" Entre escrever um livro e preparar uma manifestação, distribuir a imprensa clandestina e cumprir qualquer outra tarefa de organização ou agitação não havia diferença apreciável. Que um livro exercesse a sua acção e desaparecesse em seguida, que mal havia nisso? Acontecia o mesmo às próprias pessoas. Outras pessoas viriam, outros livros viriam.
O que ajuda a compreender como a consciência do processo revolucionário, da sua complexidade, amadurece lentamente. E como é difícil ou impossível evitar que assim seja.

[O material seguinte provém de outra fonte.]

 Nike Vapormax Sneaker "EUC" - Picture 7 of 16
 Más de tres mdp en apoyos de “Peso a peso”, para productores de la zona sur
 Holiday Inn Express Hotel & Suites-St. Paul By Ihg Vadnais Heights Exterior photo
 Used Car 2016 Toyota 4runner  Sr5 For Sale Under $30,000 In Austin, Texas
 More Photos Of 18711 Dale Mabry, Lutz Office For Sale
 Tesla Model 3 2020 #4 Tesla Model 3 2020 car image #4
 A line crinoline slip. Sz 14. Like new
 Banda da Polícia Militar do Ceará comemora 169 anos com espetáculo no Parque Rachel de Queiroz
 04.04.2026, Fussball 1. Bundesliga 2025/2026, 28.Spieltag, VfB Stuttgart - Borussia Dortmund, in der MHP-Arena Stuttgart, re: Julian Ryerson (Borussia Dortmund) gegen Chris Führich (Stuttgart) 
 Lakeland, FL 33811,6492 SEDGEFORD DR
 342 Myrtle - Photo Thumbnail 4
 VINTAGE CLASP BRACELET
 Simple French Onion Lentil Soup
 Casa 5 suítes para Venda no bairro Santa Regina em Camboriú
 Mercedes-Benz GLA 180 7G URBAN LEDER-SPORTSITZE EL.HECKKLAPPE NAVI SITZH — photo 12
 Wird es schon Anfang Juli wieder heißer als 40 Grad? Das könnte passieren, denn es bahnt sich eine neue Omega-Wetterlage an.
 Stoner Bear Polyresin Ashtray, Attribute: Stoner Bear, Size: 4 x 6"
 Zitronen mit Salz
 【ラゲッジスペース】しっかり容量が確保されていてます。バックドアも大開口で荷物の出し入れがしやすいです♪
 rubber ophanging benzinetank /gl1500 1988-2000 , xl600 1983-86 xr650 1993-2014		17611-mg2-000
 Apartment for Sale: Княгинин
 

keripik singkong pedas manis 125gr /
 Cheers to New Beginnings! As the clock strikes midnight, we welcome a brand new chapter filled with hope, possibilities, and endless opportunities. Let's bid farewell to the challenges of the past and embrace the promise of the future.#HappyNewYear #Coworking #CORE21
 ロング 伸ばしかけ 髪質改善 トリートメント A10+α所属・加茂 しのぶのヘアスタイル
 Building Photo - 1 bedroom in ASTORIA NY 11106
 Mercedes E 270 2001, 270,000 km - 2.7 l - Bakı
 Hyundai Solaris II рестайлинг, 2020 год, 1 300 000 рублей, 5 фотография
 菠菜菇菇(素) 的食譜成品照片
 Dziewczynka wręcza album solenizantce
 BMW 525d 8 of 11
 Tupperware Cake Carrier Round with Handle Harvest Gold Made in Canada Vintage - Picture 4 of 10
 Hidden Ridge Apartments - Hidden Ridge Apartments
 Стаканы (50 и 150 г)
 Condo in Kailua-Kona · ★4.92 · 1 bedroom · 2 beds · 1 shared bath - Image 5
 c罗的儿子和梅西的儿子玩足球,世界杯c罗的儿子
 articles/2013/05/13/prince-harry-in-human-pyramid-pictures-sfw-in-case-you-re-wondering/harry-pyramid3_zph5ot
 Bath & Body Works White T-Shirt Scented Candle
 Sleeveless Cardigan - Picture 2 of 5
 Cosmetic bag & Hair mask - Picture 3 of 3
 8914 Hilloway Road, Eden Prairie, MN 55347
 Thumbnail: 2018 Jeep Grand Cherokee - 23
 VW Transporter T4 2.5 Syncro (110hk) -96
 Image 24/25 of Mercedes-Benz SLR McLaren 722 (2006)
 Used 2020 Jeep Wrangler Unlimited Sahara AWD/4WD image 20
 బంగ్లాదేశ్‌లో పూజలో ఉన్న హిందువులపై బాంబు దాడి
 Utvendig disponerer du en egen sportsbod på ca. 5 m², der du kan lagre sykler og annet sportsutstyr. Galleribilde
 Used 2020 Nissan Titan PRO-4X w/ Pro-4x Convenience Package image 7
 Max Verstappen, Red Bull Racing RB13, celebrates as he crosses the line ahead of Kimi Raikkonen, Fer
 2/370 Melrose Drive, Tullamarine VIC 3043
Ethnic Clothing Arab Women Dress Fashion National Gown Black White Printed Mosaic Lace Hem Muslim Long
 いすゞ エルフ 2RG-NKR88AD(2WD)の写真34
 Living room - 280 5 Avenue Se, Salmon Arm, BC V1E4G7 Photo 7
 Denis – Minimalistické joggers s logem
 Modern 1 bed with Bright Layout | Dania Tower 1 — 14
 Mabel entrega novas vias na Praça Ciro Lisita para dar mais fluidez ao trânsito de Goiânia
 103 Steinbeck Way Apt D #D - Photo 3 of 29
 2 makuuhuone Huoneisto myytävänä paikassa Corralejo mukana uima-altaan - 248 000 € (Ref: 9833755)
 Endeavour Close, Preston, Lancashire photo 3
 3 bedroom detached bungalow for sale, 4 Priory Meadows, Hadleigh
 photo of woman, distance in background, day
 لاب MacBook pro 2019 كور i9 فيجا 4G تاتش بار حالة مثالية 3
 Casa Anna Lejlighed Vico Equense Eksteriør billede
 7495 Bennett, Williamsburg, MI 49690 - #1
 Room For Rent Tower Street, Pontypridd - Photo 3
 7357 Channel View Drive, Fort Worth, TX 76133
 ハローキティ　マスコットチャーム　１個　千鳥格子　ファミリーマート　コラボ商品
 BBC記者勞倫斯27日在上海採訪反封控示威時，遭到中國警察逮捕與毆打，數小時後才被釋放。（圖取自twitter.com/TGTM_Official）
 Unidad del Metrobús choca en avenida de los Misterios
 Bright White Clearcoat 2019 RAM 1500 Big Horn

Na verdade, as intenções não chegam para forjar armas e fazê-las funcionar, como toda a gente sabe, julga que sempre soube, mas só se sabe depois. E o mais surpreendente é que até as intenções não são nunca exactamente apenas aquilo que pensamos quando, com tanta sinceridade, julgamos inicialmente difini-las e cremos estar a pô-las em prática. Metia o papel na máquina e escrevia, escrevia, sem querer preocupar-me com o que muito mais tarde viria a chamar-se a «escrita». Mas era isso (só isso) o que fazia?"
Mário Dionísio, e um excerto da sua "Evocação em jeito de prefácio" de O Dia Cinzento e outros contos. Publicado pela primeira vez em 1944 e evocado em Janeiro de 1997.